You know the feeling. You’re going about exploring the galaxy and performing diplomatic functions on behalf of the Federation when danger and uncertainty start to creep up. Maybe it’s just an anomaly, or a derelict Bird of Prey, or a bad headache. But at some point, the danger makes itself clear, and you have no choice but to signal this to everyone in the least ambiguous terms possible.
Time to go to red alert.
Recently, in the Overthinking It writers’ back channel, we were asking ourselves the question: just how dangerous was it to serve on the Enterprise as depicted on Star Trek: The Next Generation? Weren’t they constantly under attack from Romulans, The Borg, and those nefarious space entities? Or was the Enterprise supposed to be more of a scientific, diplomatic vessel that happened to get into messes from time to time?
To answer that question, we retuned the OTI tachyon beam to analyze transcripts of all 176 episodes, look for occurrences of the phrase “yellow alert” or “red alert,” and categorized each episode by the presence of one or both of these alerts.* It turns out that 61% of all episodes had no alert whatsoever, and that only 32% of all episodes made it all the way to red alert.
This may be more frequent than a typical naval vessel reaches its highest level of alert during an ostensible peacetime mission, but at least for me, it was less frequent than I was expecting, given the amount of peril I remembered the Enterprise encountering.
So with this big picture breakdown in mind, let’s see how those alerts were distributed across the show’s seven seasons and if there were any trends in the prevalence of alerts:
It’s hard to discern any real trend in alerts across seasons from the data, but if there was one, it would go something like this: alerts dipped from Season 1 to Season 2, then jumped up in Season 3, which had the most episodes with an alert among all seasons. From there, Seasons 4-6 saw a steady decrease in episodes with alerts, before the prevalence of alerts spiked in Season 7, the last season.
I can only speculate as to the reasons behind these trends. Maybe after Season 3, Starfleet started sending the Enterprise on less dangerous missons in safer parts of the galaxy. Or maybe Captain Picard, realizing that going to an alert no longer inspired the appropriate level of urgency from his crew, increased the threshold of danger that constituted an alert in order to summon them less frequently. Or maybe the writers got more interested in exploring Picard’s sensitive, flute-playing side at the expense of alarm klaxons and battle stations.
Now, let’s take a look at the trend of alerts with the arc of a season. Did earlier episodes or later episodes tend to have more alerts? I grouped episodes across seasons roughly into quarters and found that episodes in the first two quarters of season were far more likely to have alerts than those in the last two quarters.

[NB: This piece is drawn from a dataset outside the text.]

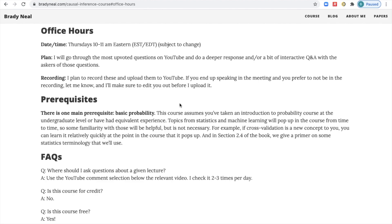For each of those questions, I'll do a bit of interactive Q&A with the askers if they're present in the office hours. The plan is to record these office hours, so if you don't want to be recorded, just let me know and I'll make sure to edit you out before I upload it to YouTube. This way, anyone who can't make the office hours can still go and find them on YouTube and watch them later.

Coming up with an in-universe explanation for this is pretty tough (were the Romulans coordinating their attacks for a certain time in the year, perhaps to coincide with new crew rotations from Starfleet Academy?), but an out-of-universe explanation quickly comes to mind: perhaps the show’s producers were concerned with bringing viewers back for new seasons, so they made sure to pack those alerts into the earlier episodes to lure them back. Once they’ve settled back into their weekly routine of watching the show, they’ll be more accepting of episodes with complicated archeology-driven ret-conning.

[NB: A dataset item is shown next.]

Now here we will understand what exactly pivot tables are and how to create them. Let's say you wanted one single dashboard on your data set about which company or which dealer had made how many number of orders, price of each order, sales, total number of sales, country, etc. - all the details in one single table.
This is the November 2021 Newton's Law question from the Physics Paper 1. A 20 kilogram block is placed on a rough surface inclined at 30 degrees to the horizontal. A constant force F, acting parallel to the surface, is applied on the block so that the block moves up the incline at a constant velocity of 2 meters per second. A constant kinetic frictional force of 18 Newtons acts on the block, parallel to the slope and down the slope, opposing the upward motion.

We’ve talked about out-of-universe causes for alerts, so now let’s talk about out-of-universe effects of alerts, specifically in the form of Nielsen ratings. In other words, did the presence of a yellow and/or red alert in an episode help boost its ratings?
As you can see, there’s not much of a correlation between higher alert status within an episode and higher ratings, either by season or as a whole. Not that you’d expect there to be. Can you imagine what the show would have been like if the writers got it in their mind that heightened alert statuses led to higher ratings? The Enterprise would have gone to red alert in practically every episode, which would have left little time for priceless holodeck antics.

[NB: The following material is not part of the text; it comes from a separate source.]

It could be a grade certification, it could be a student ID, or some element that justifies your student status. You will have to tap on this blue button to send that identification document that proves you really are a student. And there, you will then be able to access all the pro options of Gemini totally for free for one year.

Special thanks to Belinkie for inspiring this article.
*Transcripts were obtained from tvsubtitles.net. Some major caveats in terms of this analysis: this is all based on whether or not the phrase “yellow alert” or “red alert” appeared in an episode or not. So a ship other than the Enterprise could have gone to red alert, and that would have counted as a red alert in this dataset. Also, I was missing the transcript for Season 4, Episode 3. Memory Alpha says that the Enterprise went to “blue alert,” but without having seen the episode, I’m not sure if the phrase “blue alert” is actually spoken or if the Enterprise’s interior lights are just blinking blue.
** Nielsen ratings were obtained from this website, which was missing ratings for several episodes; hence, the gaps in the chart.